Transcribe word for word each line from the one containing "Detail of the" to the final line of the data, both included. Skip the pictures.

RECORD EXTRACTS Block Start

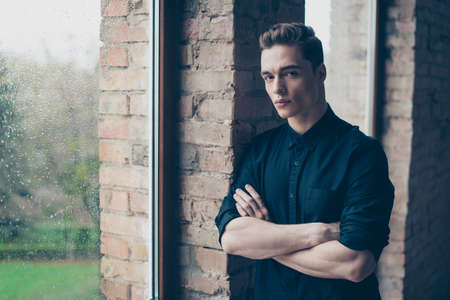 Young handsome man in black outfit is standing near the window with crossed arms and looking seriously in the cameraの写真素材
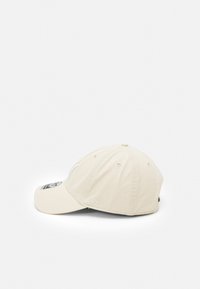 Beige Baumwoll-Baseballmütze mit gebogenem Schirm, besticktem Logo auf der Vorderseite und einem kleinen Textdetail an der Seite.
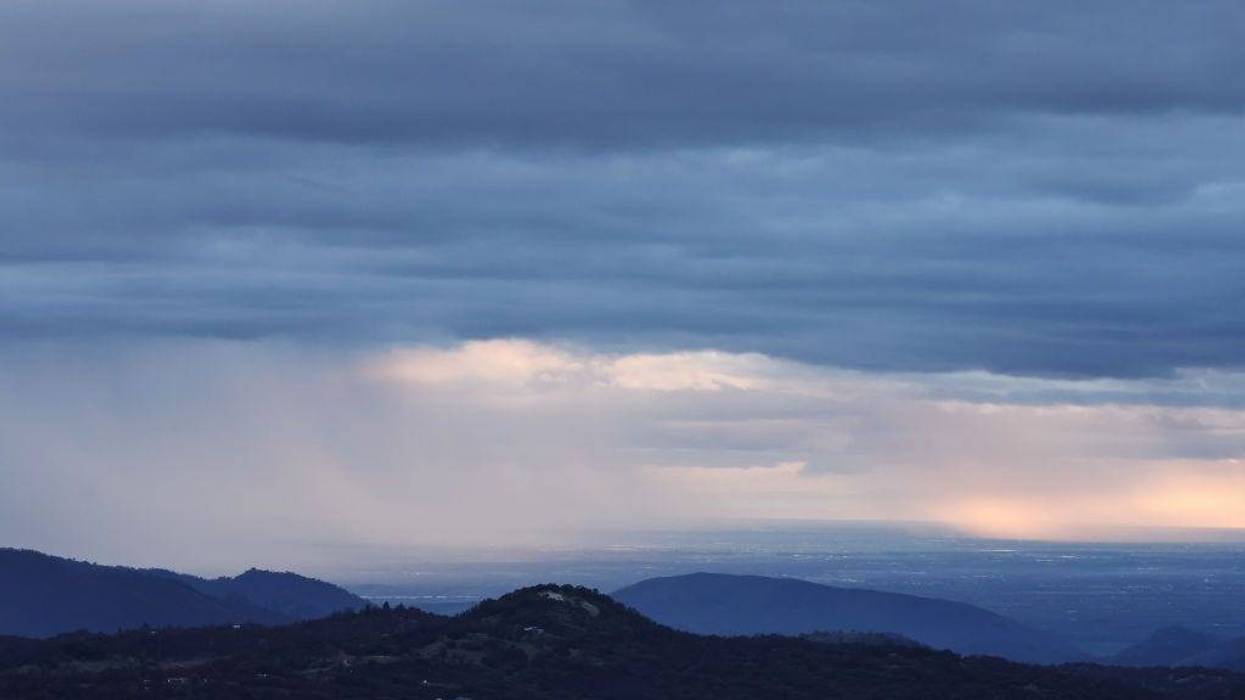 Storm clouds drop precipitation during an atmospheric river storm on February 01, 2024 near Dunlap, California. The first of two atmospheric river storms is impacting California with heavy rain and snow with 20 million people in the state under flood alerts today. (Photo by Mario Tama/Getty Images)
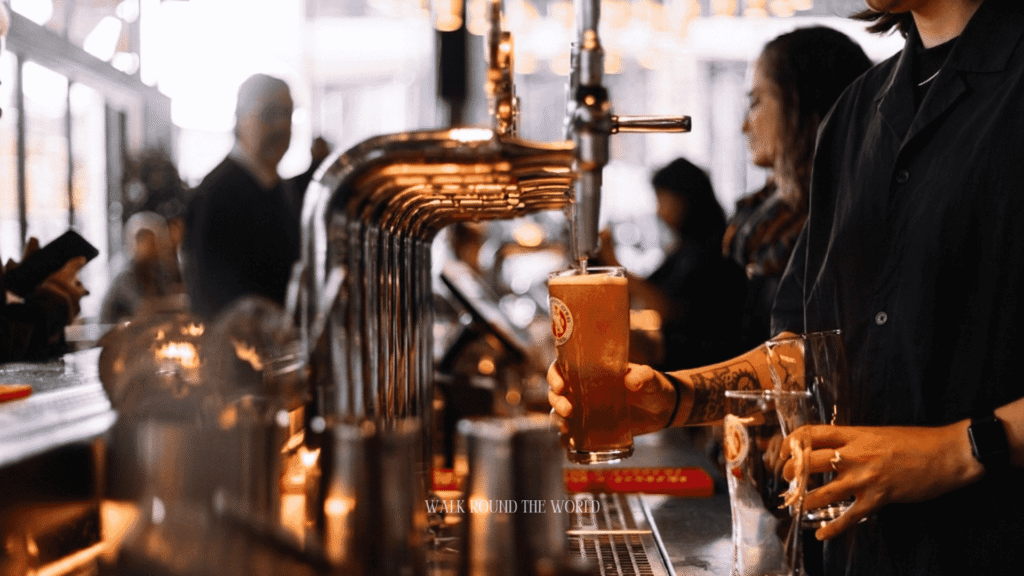 Bartender pouring a fresh pint of beer at the bar inside a traditional London pub, showcasing authentic British pub culture and the classic ordering experience.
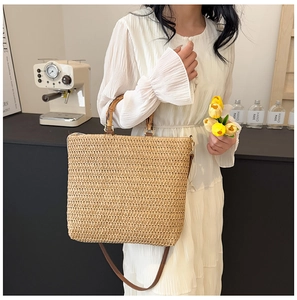 Detail of the woven straw bag featuring a bamboo top handle and brown shoulder strap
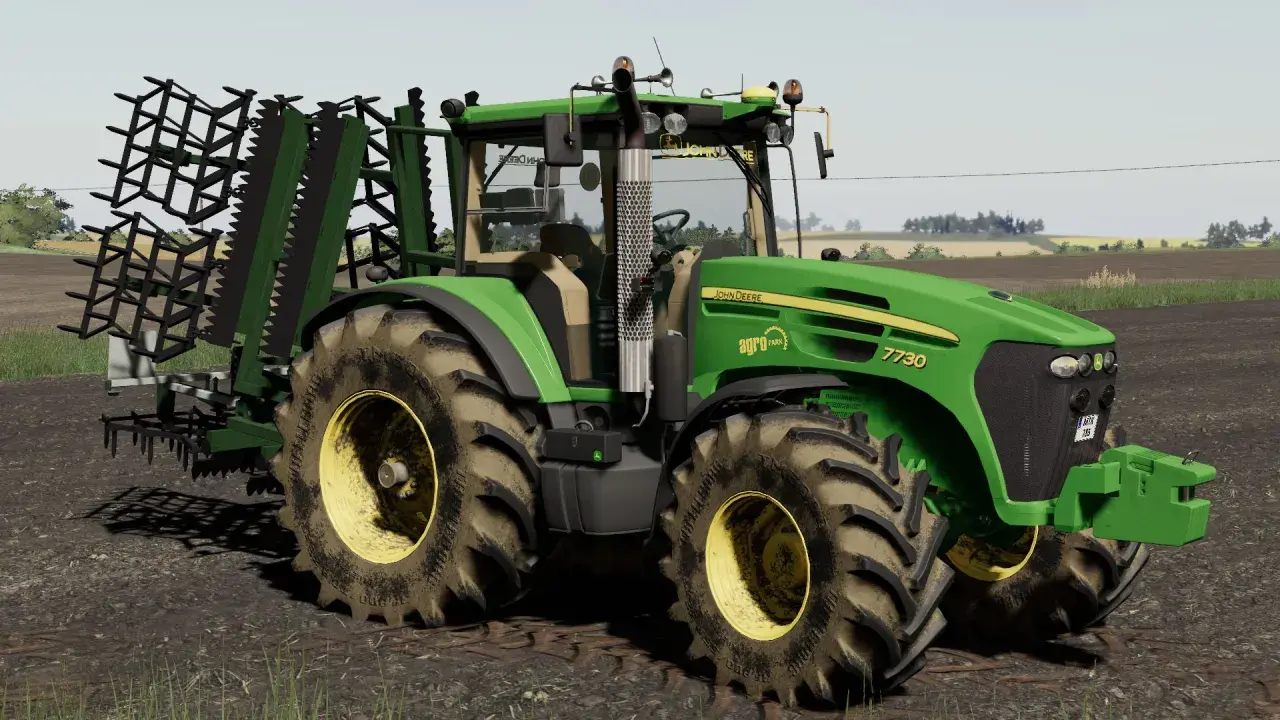 Zielony traktor John Deere 7730 z agregatem uprawowym, gotowy do pracy w polu w grze Ursus FS19.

RECORD EXTRACTS Block End

• [OUTPUT FOR THIS TASK]
 Detail of the woven straw bag featuring a bamboo top handle and brown shoulder strap
 Zielony traktor John Deere 7730 z agregatem uprawowym, gotowy do pracy w polu w grze Ursus FS19.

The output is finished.